Structural plasticity of single chromatin fibers revealed by torsional manipulation

TL;DR

This study uses magnetic tweezers to investigate how single chromatin fibers respond to torsional stress, revealing their ability to reversibly accommodate supercoiling and providing a molecular model of chromatin architecture.

Contribution

It introduces a dynamic equilibrium model of nucleosome conformations that explains chromatin's torsional resilience and topological behavior.

Findings

Chromatin fibers can reversibly accommodate supercoiling.

A molecular model explains chromatin's topological responses.

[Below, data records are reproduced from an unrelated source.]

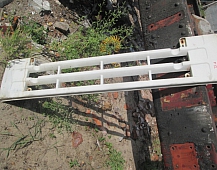 24296 Решетка радиатора нижняя вольво volvo F12 1621181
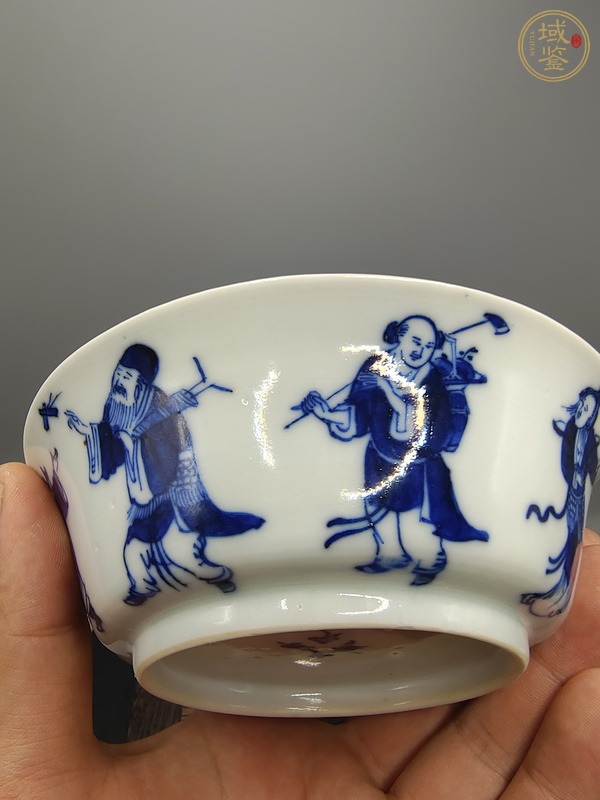 古玩陶瓷青花八仙人物紋茶碗真品鑒賞圖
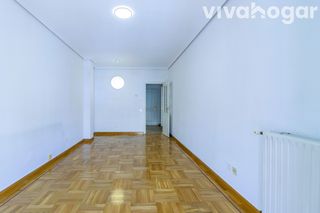 Etagenwohnung  Divino valles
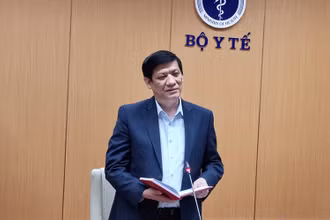 GS, TS Nguyễn Thanh Long, Bộ trưởng Y tế phát biểu tại cuộc họp. 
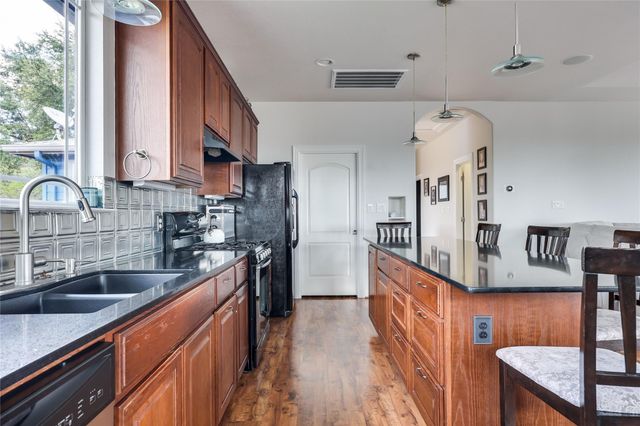 3000 Constitution DR, Lago Vista, TX 78645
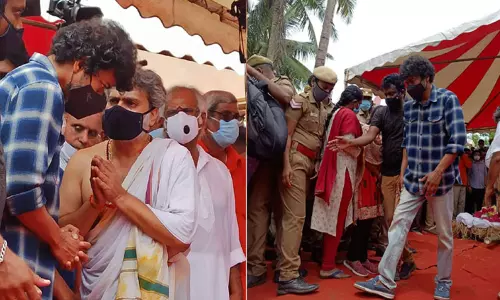 విజయ్ నీ సింప్లిసిటీకి సెల్యూట్! విజయ్ నీ సింప్లిసిటీకి సెల్యూట్!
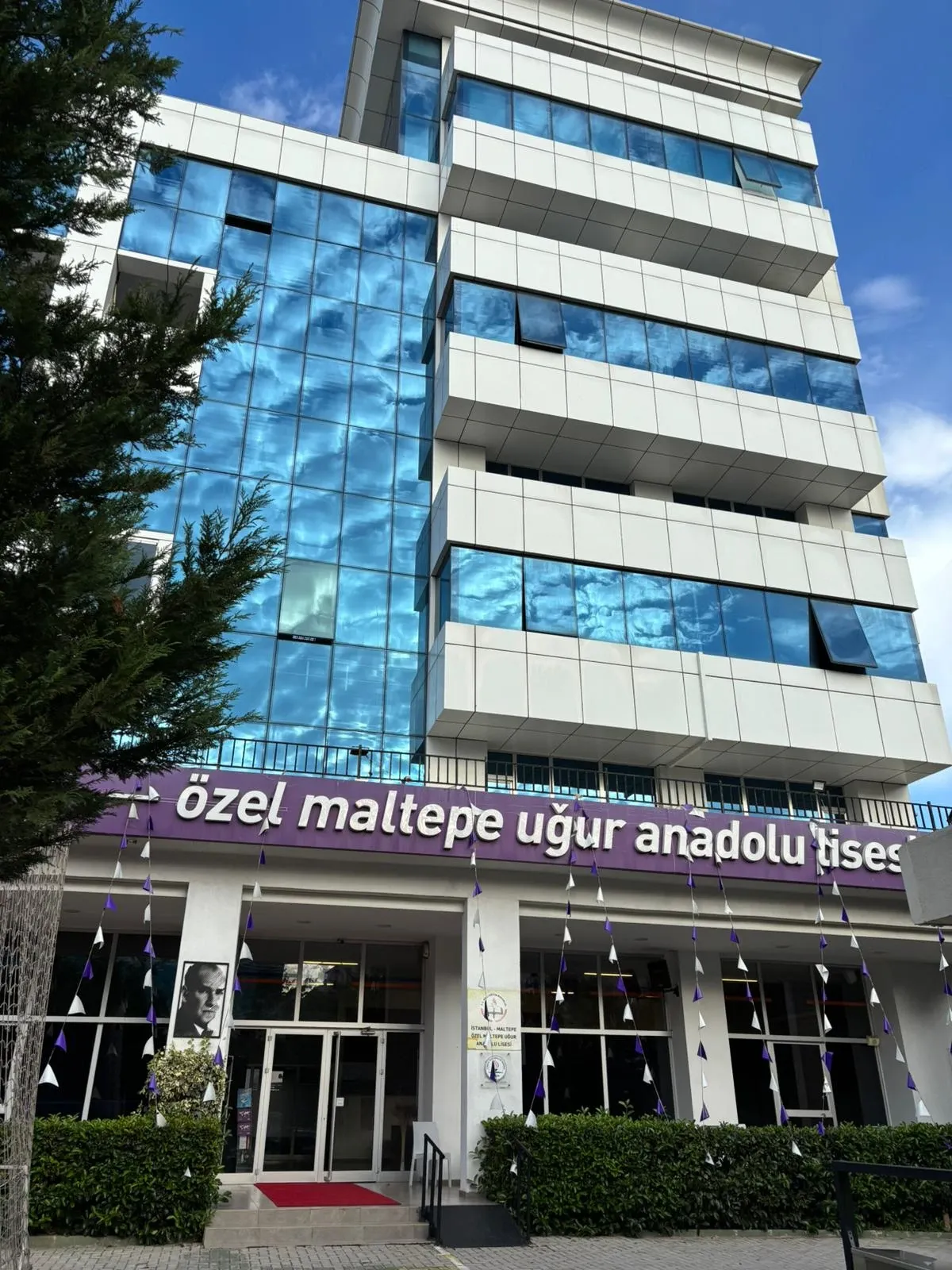 Uğur Okulları İstanbul Maltepe Kampüsü dış görünüm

Torsional strain reorganizes chromatin architecture.

Abstract

Magnetic tweezers are used to study the mechanical response under torsion of single nucleosome arrays reconstituted on tandem repeats of 5S positioning sequences. Regular arrays are extremely resilient and can reversibly accommodate a large amount of supercoiling without much change in length. This behavior is quantitatively described by a molecular model of the chromatin 3-D architecture. In this model, we assume the existence of a dynamic equilibrium between three conformations of the nucleosome, which are determined by the crossing status of the entry/exit DNAs (positive, null or negative). Torsional strain, in displacing that equilibrium, extensively reorganizes the fiber architecture. The model explains a number of long-standing topological questions regarding DNA in chromatin, and may provide the ground to better understand the dynamic binding of most chromatin-associated proteins.